United States District Court, E.D. Michigan, Southern Division
Nov 18, 2005
Civil No. 05-CV-74318-DT (E.D. Mich. Nov. 18, 2005)

Opinion

Civil No. 05-CV-74318-DT.

November 18, 2005


OPINION AND ORDER DENYING THE PETITION FOR WRIT OF HABEAS CORPUS


James Bell, ("Petitioner"), presently confined at the Cotton Correctional Facility in Jackson, Michigan, has filed a pro se petition for writ of habeas corpus pursuant to 28 U.S.C. § 2254, challenging his sentence for operating a motor vehicle while under the influence of liquor (O.U.I.L.), third offense, M.C.L.A. 257.625. For the reasons stated below, the petition for writ of habeas corpus is SUMMARILY DISMISSED.

I. Background

Petitioner pleaded nolo contendere to the above charge in the Delta County Circuit Court. Petitioner was sentenced to twenty three months to five years in prison. Petitioner's conviction and sentence was affirmed on appeal. People v. Bell, 257372 (Mich.Ct.App. October 28, 2004); lv. den. 472 Mich. 939; 698 N.W. 2d 393 (2005).
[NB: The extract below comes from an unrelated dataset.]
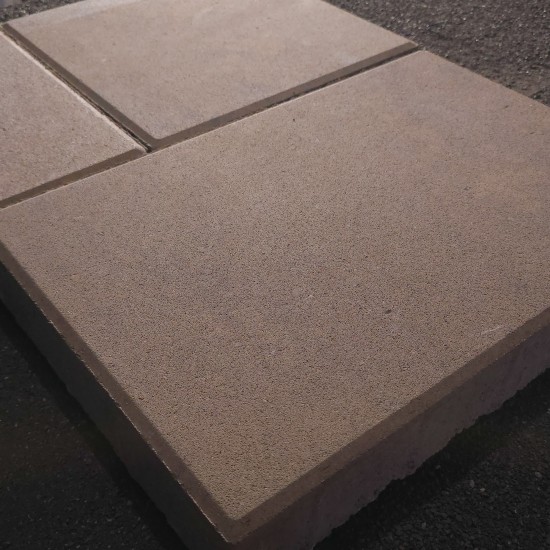PASEO GRANDE(3pc) Pavers - Desert Blend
Petitioner now seeks the issuance of a writ of habeas corpus on the following ground:

The defendant-appellant should be re-sentenced because the sentencing court did not duly consider the facts that the defendant-appellant had an ongoing severe substance abuse problem with no apparent significant treatment and the Department of Corrections' recommendations, along with other mitigating factors.

II. Discussion

The petition for writ of habeas corpus must be dismissed because petitioner has failed to allege any facts showing that he is being detained in violation of the United States Constitution.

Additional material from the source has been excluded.